What is required =>
Print only the lines below from the one with "NYWOOH Винтажные Квадратные" to the one with "Retro 94/95 Flamengo", both included, exactly as they stand. Leave pictures out.

Data shown =>
⁂

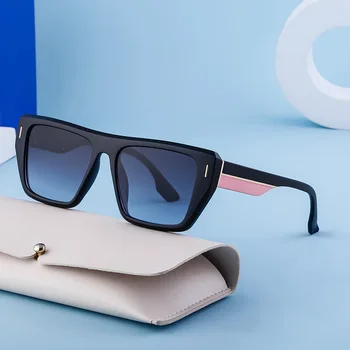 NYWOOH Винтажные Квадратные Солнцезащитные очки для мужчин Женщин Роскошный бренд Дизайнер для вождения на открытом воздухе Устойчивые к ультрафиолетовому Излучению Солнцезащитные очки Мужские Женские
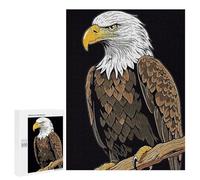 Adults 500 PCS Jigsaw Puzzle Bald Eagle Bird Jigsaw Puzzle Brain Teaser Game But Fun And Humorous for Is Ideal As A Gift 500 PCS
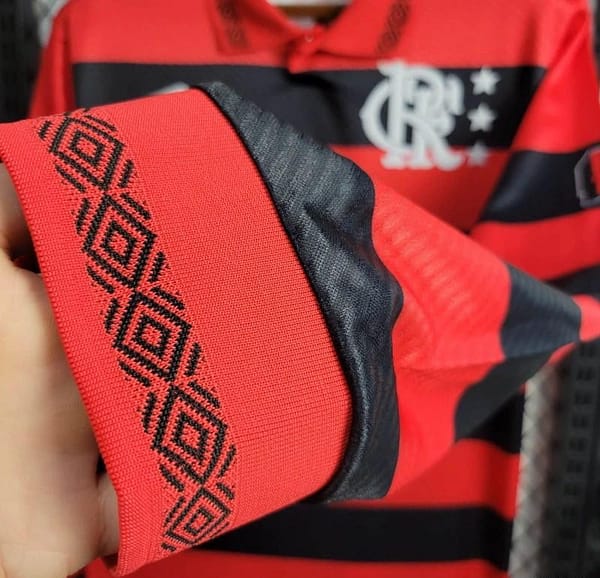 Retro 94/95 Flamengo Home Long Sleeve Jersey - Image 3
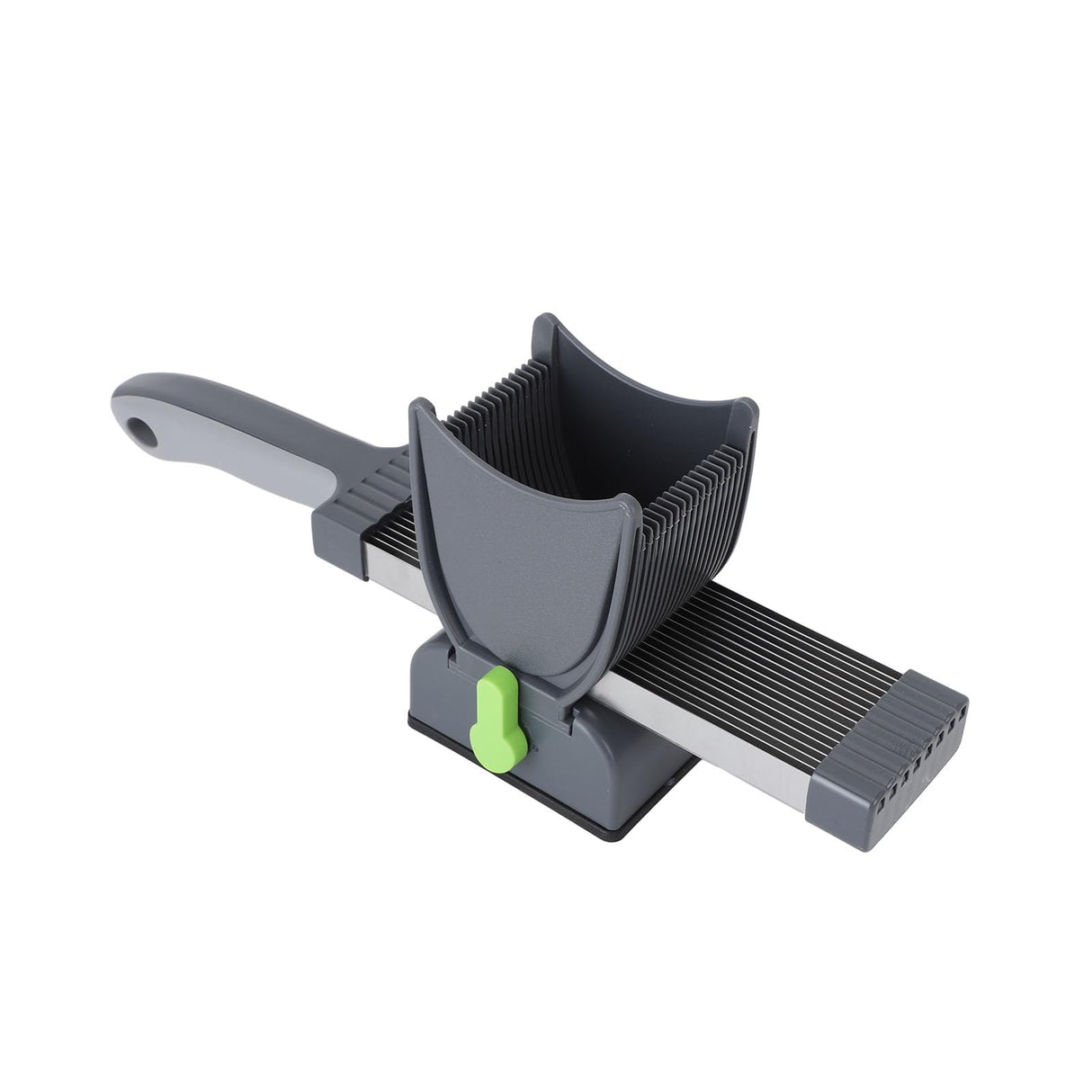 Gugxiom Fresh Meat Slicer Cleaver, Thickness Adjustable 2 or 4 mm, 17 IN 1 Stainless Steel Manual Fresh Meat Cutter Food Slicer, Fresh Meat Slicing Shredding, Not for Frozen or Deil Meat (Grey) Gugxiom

⁂

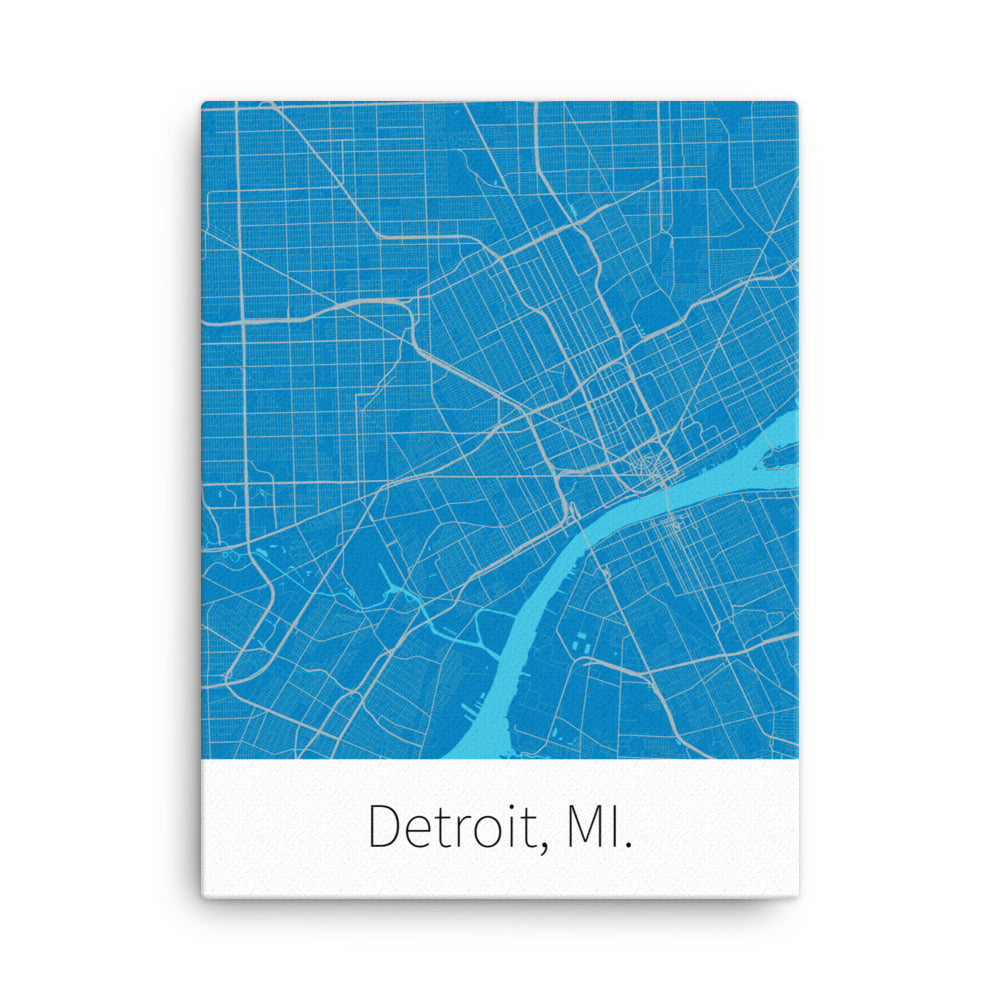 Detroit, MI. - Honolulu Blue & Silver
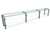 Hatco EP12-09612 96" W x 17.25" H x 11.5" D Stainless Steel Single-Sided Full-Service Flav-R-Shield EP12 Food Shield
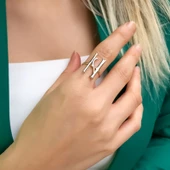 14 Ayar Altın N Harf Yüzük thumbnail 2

⁂

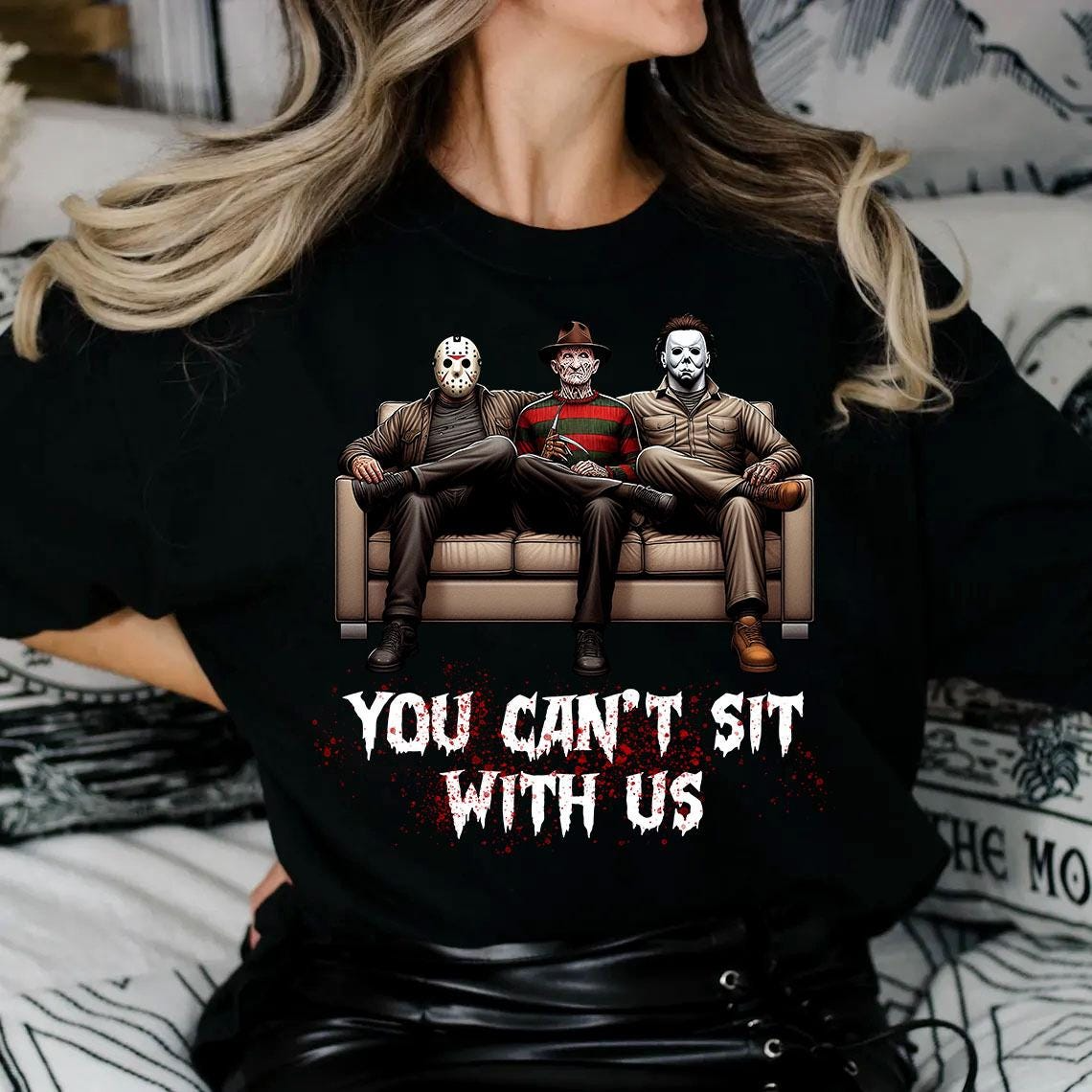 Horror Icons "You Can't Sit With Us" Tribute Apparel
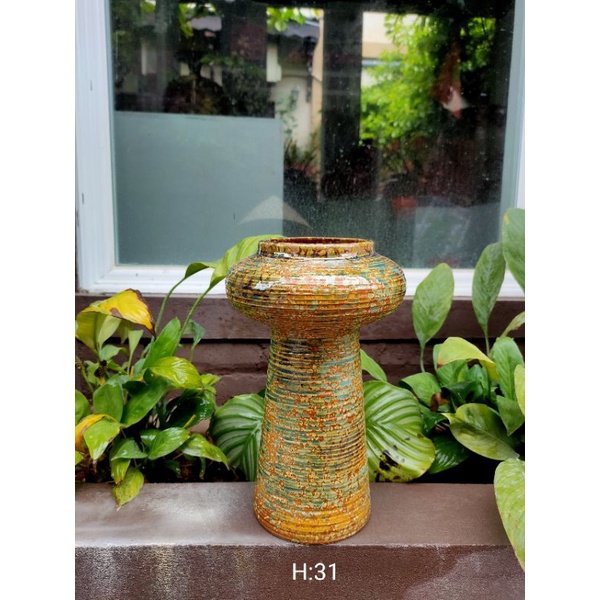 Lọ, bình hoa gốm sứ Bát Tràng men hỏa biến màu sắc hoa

⁂

Result below =>
 NYWOOH Винтажные Квадратные Солнцезащитные очки для мужчин Женщин Роскошный бренд Дизайнер для вождения на открытом воздухе Устойчивые к ультрафиолетовому Излучению Солнцезащитные очки Мужские Женские
 Adults 500 PCS Jigsaw Puzzle Bald Eagle Bird Jigsaw Puzzle Brain Teaser Game But Fun And Humorous for Is Ideal As A Gift 500 PCS
 Retro 94/95 Flamengo Home Long Sleeve Jersey - Image 3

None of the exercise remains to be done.